(Elsevier, 2025-08-01) Gracia Monforte, César; Maldonado-Martín, Francisco; Atienza Martínez, María; Ábrego, Javier; Ciencias; Zientziak; Institute for Advanced Materials and Mathematics - INAMAT2; Universidad Pública de Navarra / Nafarroako Unibertsitate Publikoa; Gobierno de Navarra / Nafarroako Gobernua
This study presents an experimental investigation into the feasibility of oxidizing biomass pyrolysis gases at
relatively low temperatures using a chemical looping combustion (CLC) approach.

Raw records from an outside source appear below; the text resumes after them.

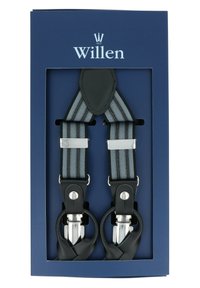 Graue und schwarze elastische Hosenträger mit Lederakzenten und verchromten Beschlägen, präsentiert in einer dunkelblauen Box mit Markenlogo.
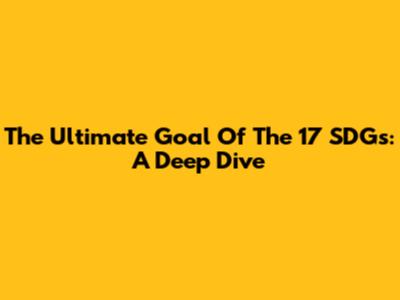 The Ultimate Goal Of The 17 SDGs: A Deep Dive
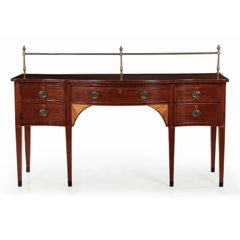 English George III Antique Mahogany Serpentine Sideboard, circa 1790
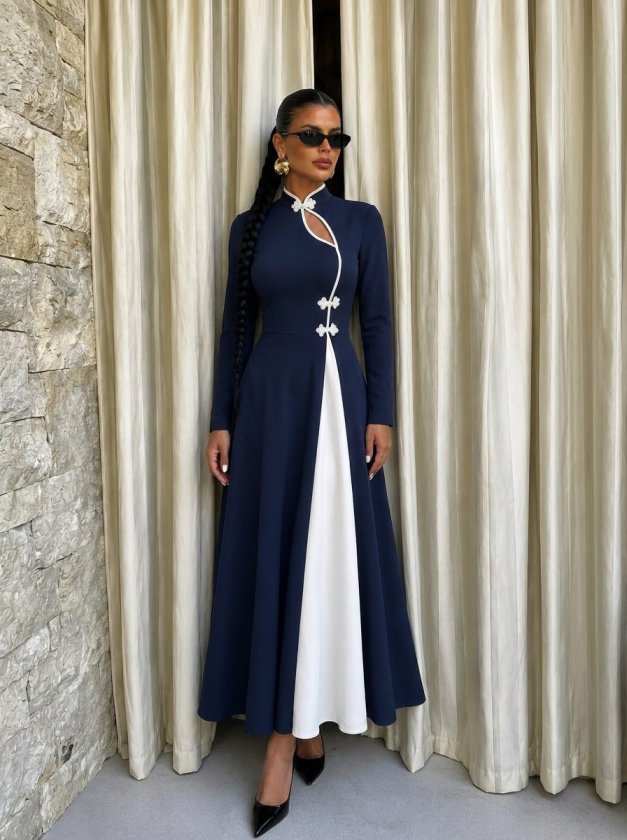 Rochie lungă crepon cu mâneci lungi, guler asimetric cu detaliu picătură, bicolor, 37444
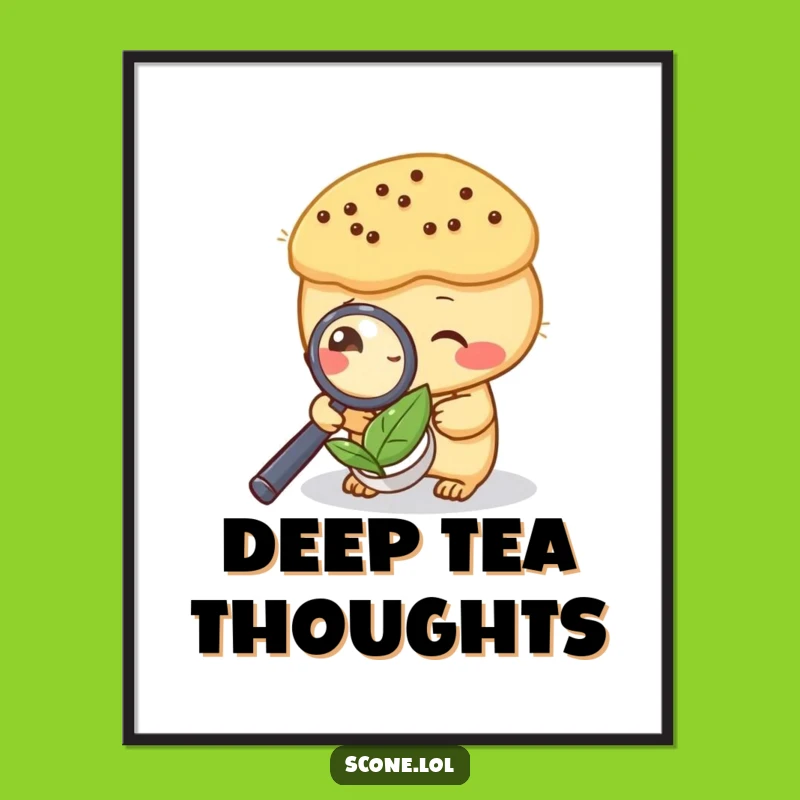 Funny Scone Tea Leaf Detective Art - Hilarious Decor Download for Your Walls!
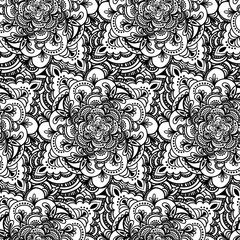 Handdrawn vector ethnic ornamental seamless pattern.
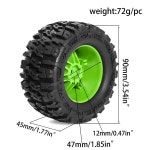 RC 4pcs 90mm 몬스터 트럭 버기 타이어 휠 Hex dla TRAXXAS E-Revo MJX 16207 SCY HBX 1/16 자동차 업그레이드 부품 : 주호유통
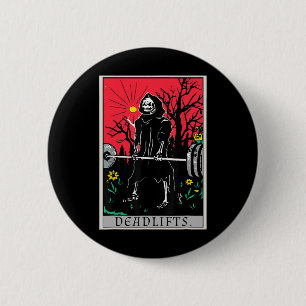 Tarot Card Funny Gym Deadlifts Workout Deadlift Fi Button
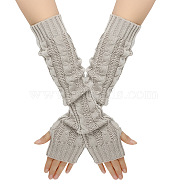 Acrylic Fiber Yarn Knitting Fingerless Gloves, Long Winter Warm Gloves with Thumb Hole, Light Grey, 500x75mm(COHT-PW0002-02H)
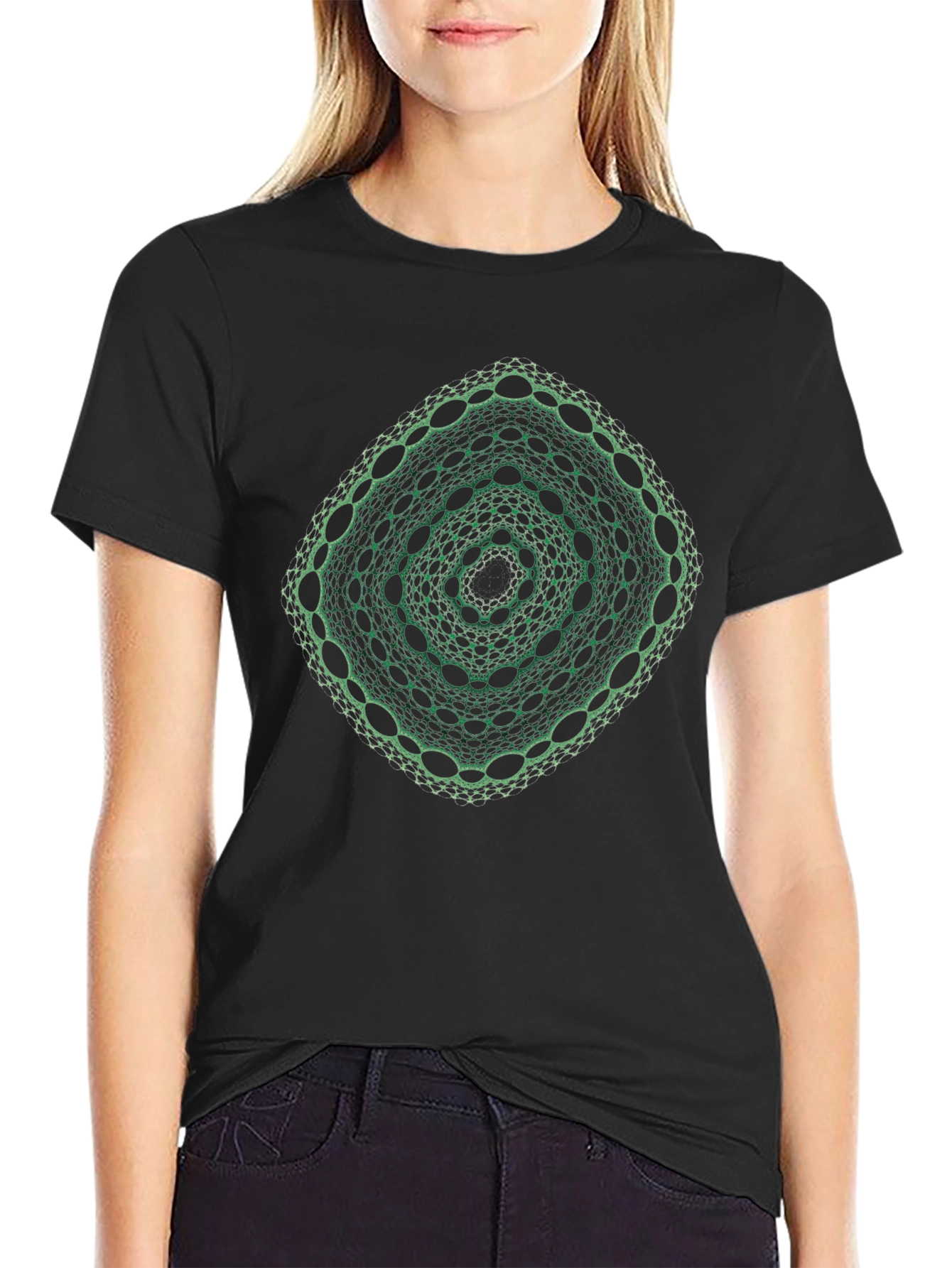 Geometric Green Fractal Tee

The application of this
alternative method would enable the capture of carbon from the pyrolysis gas stream, which is currently released
into the atmosphere in most pyrolysis systems, as high-purity CO2. In a fixed bed reactor, the reduction behavior
of three different Cu-based oxygen carriers (OC) - pure CuO pellets, carulite and Al2O3-supported CuO - was
evaluated to determine whether pyrolysis gases could be completely oxidized to CO2 and H2O within a temperature range of 600–650 ◦C and at weight hourly space velocities (WHSV) of 0.06–0.10 h− 1
. Both CuO and
carulite exhibited significant amounts of unconverted pyrolysis gases even during the initial stages of the
reduction experiments. In contrast, Al2O3-supported CuO emerged as the most effective material, facilitating the
complete oxidation of pyrolysis gases over extended reaction times. For this oxygen carrier, a decline in the
combustion efficiency was only observed at very high (90 %) reduction conversions. Reduction/oxidation cycles
for this most promising material were successfully demonstrated, with the oxygen carrier showing no signs of
activity loss after 10 cycles. However, carbon deposition was detected under several experimental conditions,
which could potentially reduce the carbon capture efficiency of the process.